Generating Prime Numbers in a Range (Was: LINQ Challenge), Part 2 – Simple Optimizations
There are two rather trivial optimizations to the problem of generating prime numbers that we saw in the previous post.
First there’s the observation that it suffices to test all potential divisors in the range {2…Floor[Sqrt[K]]} to ascertain that K is prime. This is not much harder to accomplish and is a significant running time optimization:
static int[] Sqrt(IEnumerable<int> range)
{
return range.Where(n =>
{
if (n == 2) return true;
int sqrt = (int)Math.Sqrt(n);
for (int i = 2; i <= sqrt; ++i)
if (n % i == 0)
return false;
return true;
}).ToArray();
}
The idea is still the same – we iterate over lots of numbers and check if own target is divisible by these numbers. However, this “lots of numbers” is much less than the “lots of numbers” we had earlier.

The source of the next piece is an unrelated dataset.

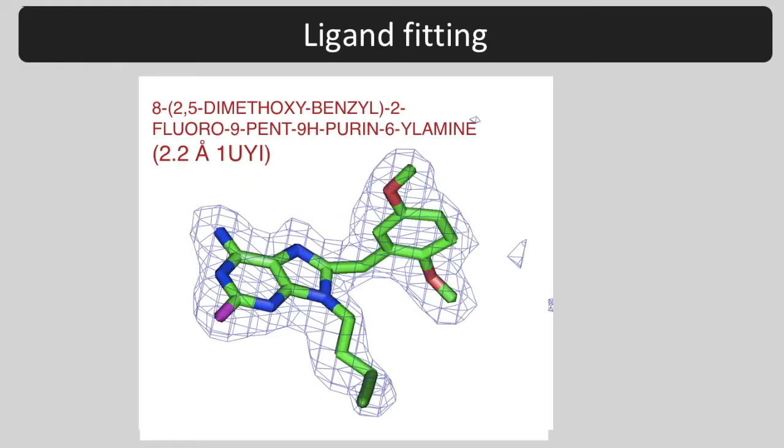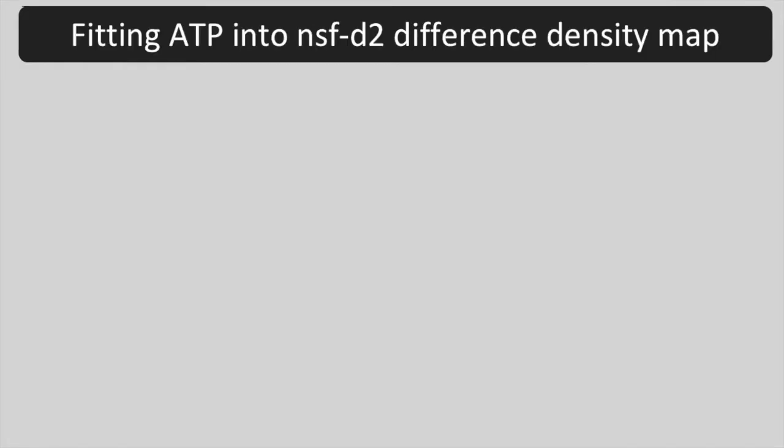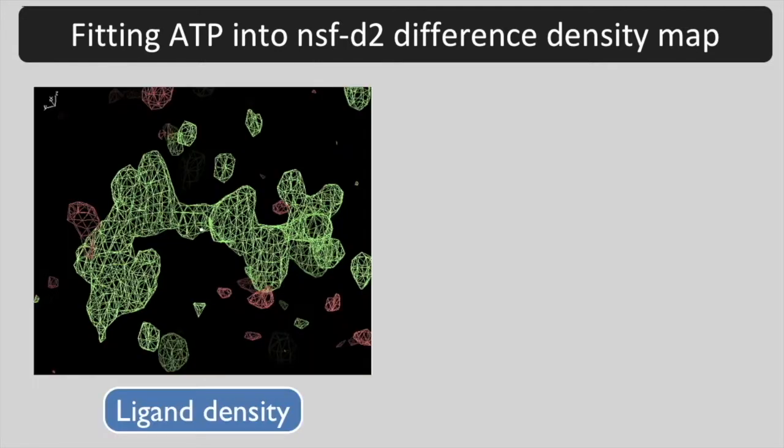At moderately high resolution, such as two angstroms, you see the conformation fairly clearly. We are going to use Phoenix tutorial data on the NSF D2 protein, which we know has ATP bound.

Specifically, we’re still not using any memory other than a constant amount, but the runtime complexity has improved significantly. This time, for each of the prime numbers in the range K we do at most Sqrt[K] iterations of the inner loop. Assuming as earlier that there are roughly 2Sqrt[N]/Log[N] numbers, the biggest possible number is N, and the amount of work per number is Sqrt[N], we obtain an upper bound of 2N/Log[N] on the amount of work. (This disregards the work needed for the composite numbers; this is an assumption we’ve made before.)
This is a big improvement – the difference between N^2 and N^(3/2)/Log[N] is quite telling, and so is the difference between N^(3/2)/Log[N] and N/Log[N]. Here’s a graph:
Now we can introduce another optimization. It won’t reap us as many fruits as the previous algorithmic improvement, but it’s still worthwhile. Specifically, we note that there’s already a special treatment of the number 2 in our method. Why don’t we automatically discard all even numbers before embarking on the Math.Sqrt call, which is quite expensive?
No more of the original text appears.